Él es también el que anima a la comunidad entera, moviéndola interiormente, empujándola a la acción misionera y caritativa en medio de la sociedad, haciendo surgir en ella ideas e iniciativas de todo género, enriqueciéndola con sus dones de amor, de verdad, de alegría. Él es quien da eficacia a los sacramentos que celebramos: el Bautismo, en que renacemos del agua y del Espíritu; la Confirmación, que es el don del Espíritu por el ministerio del obispo de cada diócesis; la Eucaristía, en que invocamos al Espíritu sobre el pan y el vino para que él los convierta  en el Cuerpo y Sangre de Cristo; la Reconciliación penitencial, en que  el Espíritu nos llena de su vida y su gracia...

Él es quien da fuerza a cada cristiano, para que podamos ser fieles al  estilo de vida evangélico que nos ha enseñado Cristo Jesús.
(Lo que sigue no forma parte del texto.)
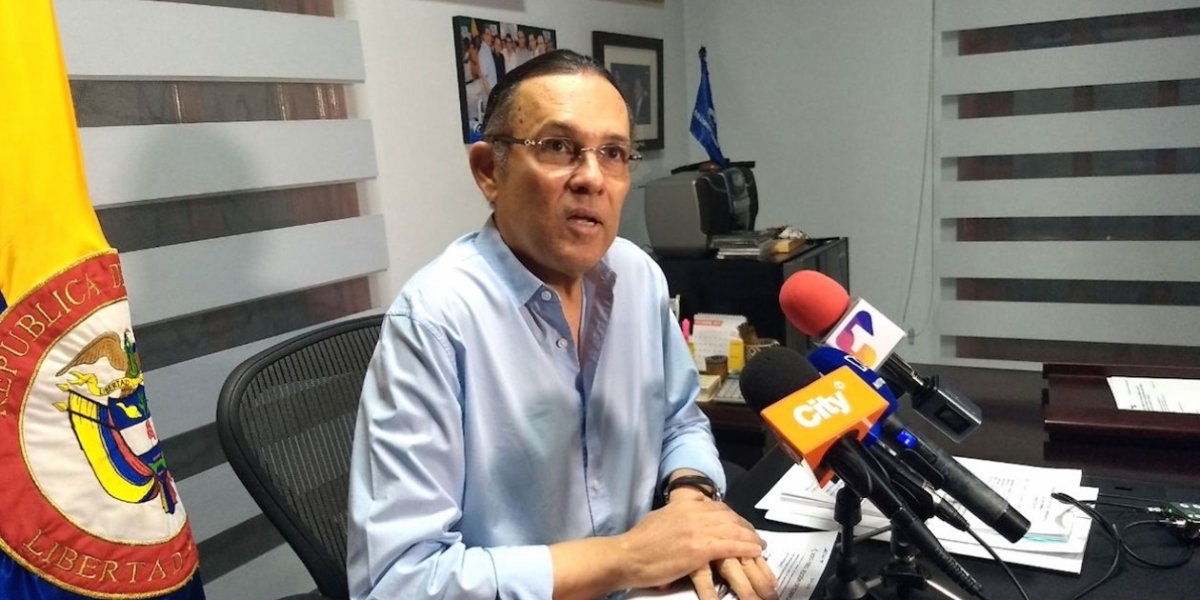 Zona Cero. Efraín Cepeda Sarabia, presidente del Senado.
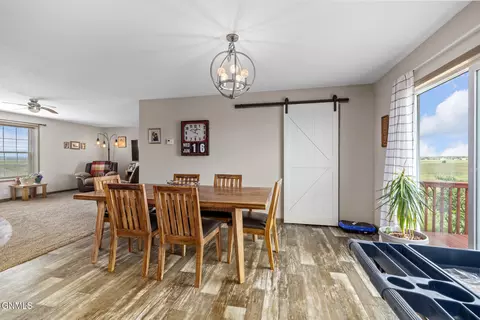 14923 Cochise St, Williston, ND 58801 photo 7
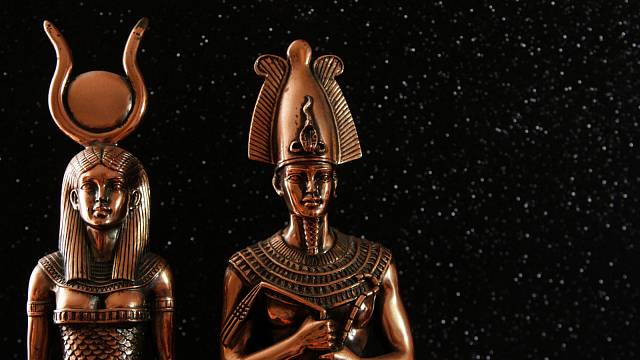 Ukázalo se, že Tutanchamon byl pohřben s jeho dvěma dcerami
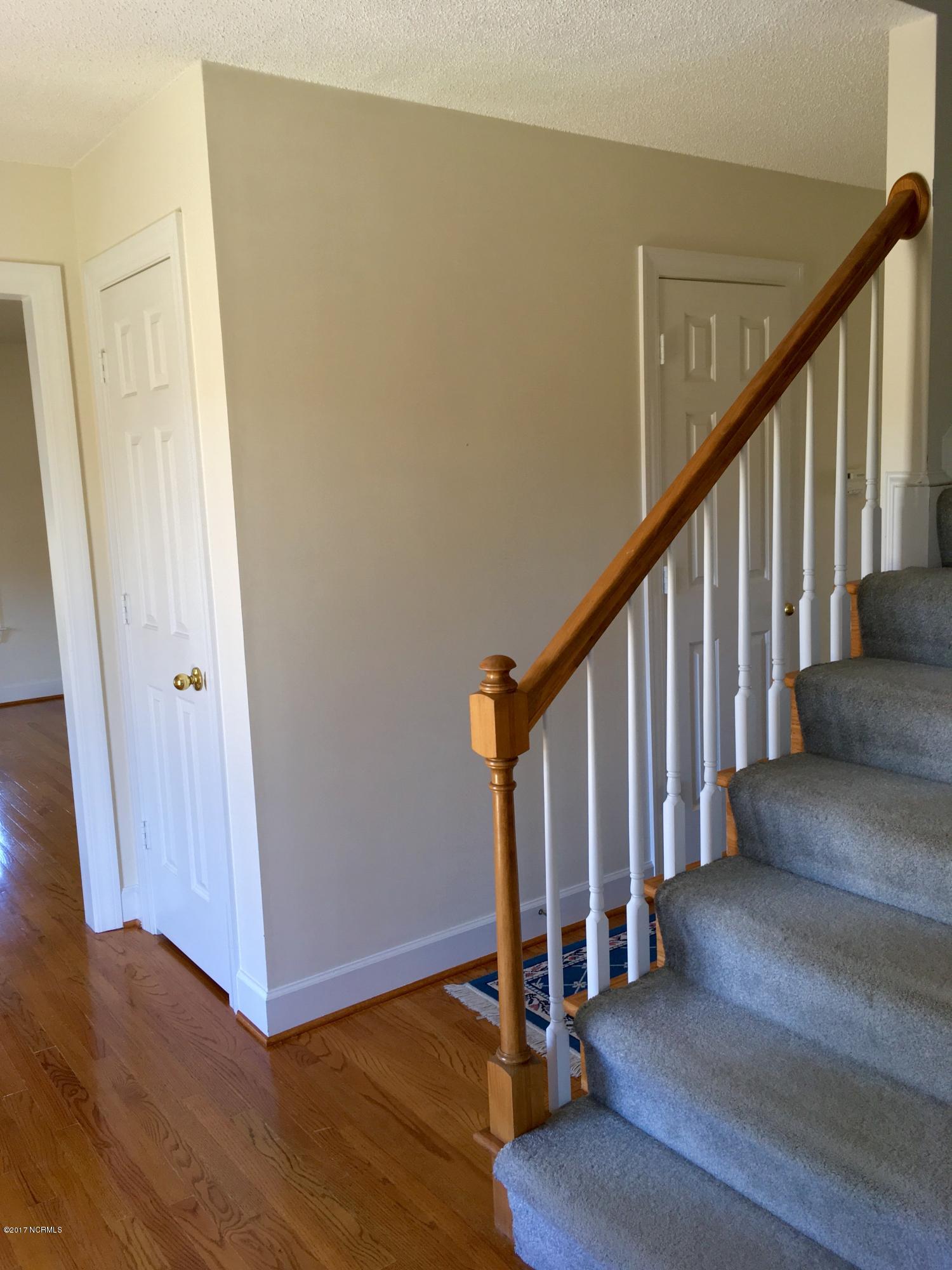 1174 Poore Farm Road Chocowinity, NC 27817 - Photo 6 of 67 20170302_185445343_iOS
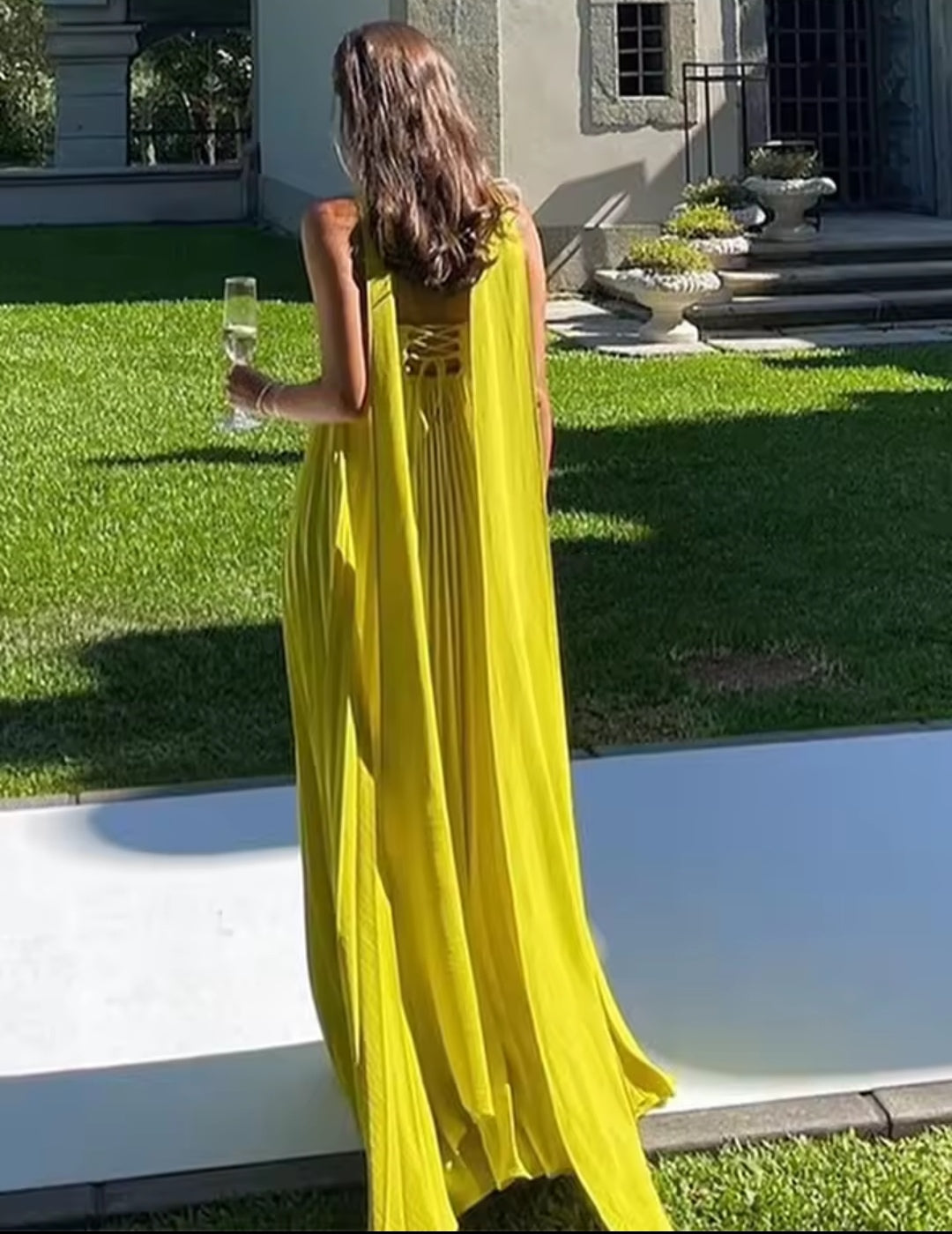 Vestido amarillo strapless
Pedro nos  invitaba en su carta a que tengamos ánimos, a que nos mantengamos  firmes a nuestra identidad cristiana en medio de un mundo que  posiblemente no nos ayuda a ello. Si ya en aquellos tiempos había contradicción entre los criterios evangélicos y los de la sociedad,  igual ahora. Y nos proponía el mejor ejemplo: el mismo Cristo Jesús, que tuvo que sufrir persecución, hasta la muerte, pero fue resucitado por el Espíritu, y ahora vive triunfante junto a Dios.